BACKGROUND: Both ventilation (V) and perfusion (Q) of the lungs are altered in asthma, but their relationships with allergen-induced airway responses and gas exchange are not well described.
METHODS: The effects of aerosolized allergen provocation of V/Q abnormalities in nonsmoking, male atopic asthmatics (six dual responders and two isolated early responders) were compared with measurements of airflow limitation (forced expiratory volume in 1 s [FEV1]), gas exchange (arterial oxygen saturation, arterial oxygen partial pressure and alveolar-arterial oxygen gradient) and airway reactivity (provocative concentration of histamine causing a decrease of 20% in FEV1). V and Q lung scans at 30 min and 6 h following allergen challenge and changes in all variables were compared with prechallenge data. Digital image data were registered to baseline scans, and quantitative comparisons of changes made were supported by qualitative assessments of the images.

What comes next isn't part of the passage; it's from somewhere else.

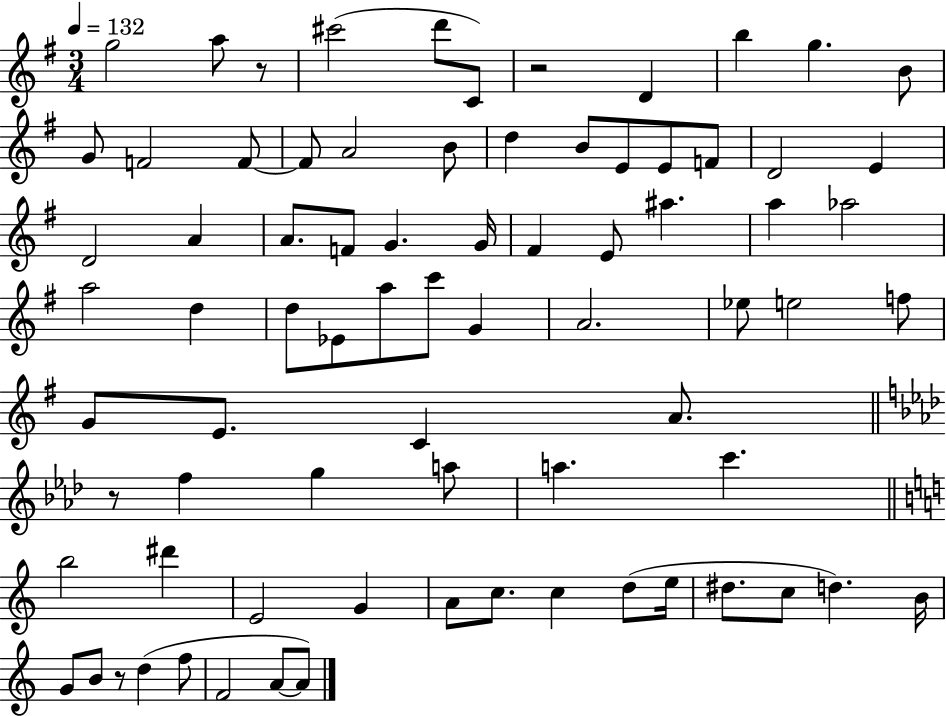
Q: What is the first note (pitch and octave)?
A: G5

RESULTS: All subjects showed evidence of impaired gas exchange, as reflected by lowered arterial oxygen tension and widened alveolar arterial oxygen gradients. Baseline V/Q scans were abnormal, and there were allergen-induced changes in V and Q at 30 min, with scans at 6 h showing additional changes in Q, particularly in dual responders. Allergen-induced gas trapping was evident at 30 min and was sustained at 6 h.
CONCLUSIONS: Regional patterns of V and Q derived from lung scintigraphy showed a wider range of disturbances than were indicated by the magnitude of airflow limitation and arterial hypoxemia following allergen provocation, and they remained abnormal despite normalization of FEV1. Imaging of regional abnormalities of gas exchange may be relevant in the evaluation of patients with asthma.